CHAPTER FOUR

The next day he crossed into the dunes of the wasteland. The scrub and hard rock gave way to smooth sand pink with the rising sun. By noon the landscape faded and the pink of morning turned a blinding white.

It was still early fall. It wasn’t as hot as it had been earlier in the year. The Old Man sipped the bottle of water, only half full now, and felt the heat more than he had expected to.

I need to look for water. Soon I will go too far and if I don’t find anything, then even making it back to the village might be impossible.

Maybe they are looking for me.

In the night, toward dawn, he had dreamed of the child in the backseat of the car of the screaming man the guards had shot. She was the same age of forty years ago but the Old Man was still old, even though he had been younger that long-ago day than her father.

In the dream he was back in the village. The child, who was a girl most surely, had knocked on his door. After letting her in the Old Man gave her cold water and she sat down at his desk, looking out the one window he had salvaged from an overturned semi.

Have you been walking all night to get here? he remembered asking her. As if a night’s journey accounted for all the years in between that day and the dream.

But the child remained staring out the window, lost in thought and when she turned back to the Old Man she looked at him smiling. Then she said, It never happened, y’know. In the way a child who is young can affect a certain seriousness.

But the Old Man wasn’t sure if she meant her father being shot by the side of the freeway under the shadow of the reactors. Or something else.

He woke with a start, and already a desert breeze was blowing across the soft blue of first morning. He rose quickly, promised himself some breakfast later and was soon away from the wreck. The dream had bothered him. And he wondered if the dream of the child and the wreck of the car weren’t the cause of it.

Later, he felt better as he walked through a line of dunes. He was away from what was known to him of wrecks and the worst kind of luck. The wasteland was new. It was unknown. In a few hours, by nightfall, he would be farther than anyone had tell of in the depths of the wasteland. If anything, that was something.

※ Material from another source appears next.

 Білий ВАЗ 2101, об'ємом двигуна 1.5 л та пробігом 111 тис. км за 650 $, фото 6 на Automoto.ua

So why did the dream bother you? It’s noon, so speak it now and be done with it so the child does not return tonight.

Ahead, the wasteland fell deeper into a series of white dunes, and the Old Man entered them, weaving about the floor of them rather than climbing to the top of each.

I’ll do my best to keep a rough bearing north and maybe a little east. I’ll need water soon.

East is cursed.

Then my curse and the curse of the east will cancel each other out.

He couldn’t remember what that was called; it was a law or something, something he had once learned in school.

How strange, he thought in the silence between the dunes. School. To think, once I attended a school. An elementary school, a school after that, and then even a high school. College. I couldn’t even begin to explain school to the young of the village.

I am thinking too much. That is why I had the dream of the child. Too many things are coming up from the past and it is making my mind race. The silence of the wasteland is good for thinking.

You must think about water and salvage. You can’t just think about the past. If you don’t find water you won’t be able to find something out here and bring it back to the village.

The shadows began to lengthen and soon the shade of the dunes became cool. Gathering stray brush he set up his camp in the lee of a long dune and soon had a fire going.

There had not been the least sign of any salvage, anything man had made, or even the presence of man. The Old Man sat chewing a tortilla and thinking about this. Usually back near the village, even though it was the desert, there seemed to be nothing but the things of man’s past. All the collected salvage. The wrecks, the dead towns and settlements. Bones.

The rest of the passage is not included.